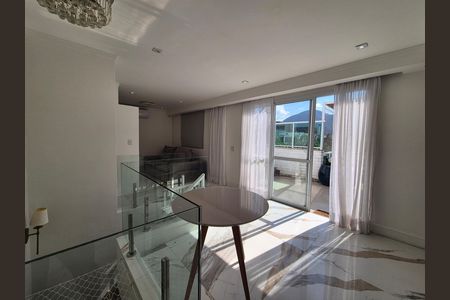 Apartamento para alugar com 160m², 3 quartos e 2 vagas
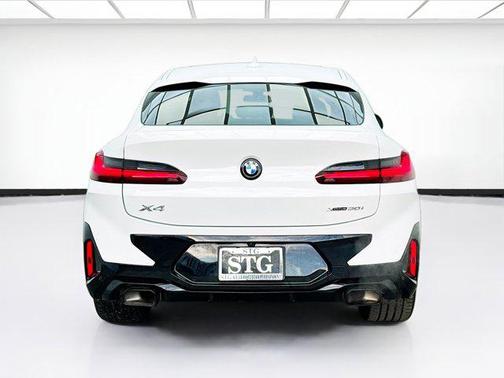 2023 BMW X4 xDrive30i
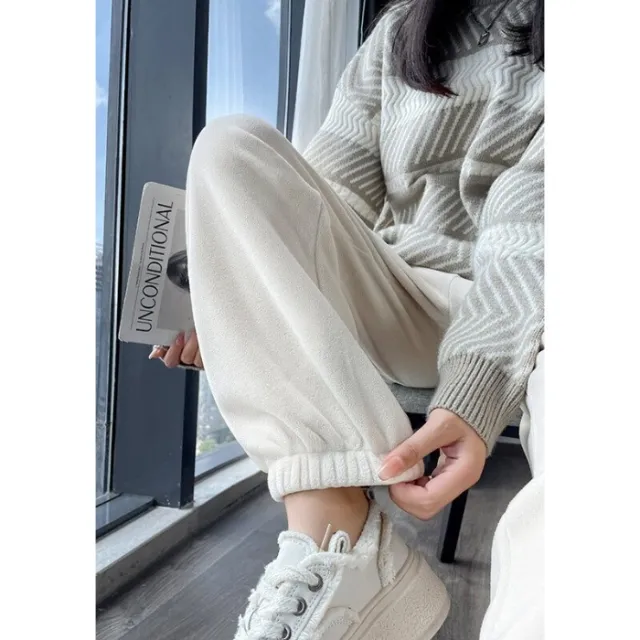 Small Ankle tied Fleece lined Sweatpants Beige - Shop at LoveMi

• _ASSIGNED TASK_:
Copy the listing above word for word. Do not include the pictures.

• _PROBLEM SOLUTION_:
 Apartamento para alugar com 160m², 3 quartos e 2 vagas
 2023 BMW X4 xDrive30i
 Small Ankle tied Fleece lined Sweatpants Beige - Shop at LoveMi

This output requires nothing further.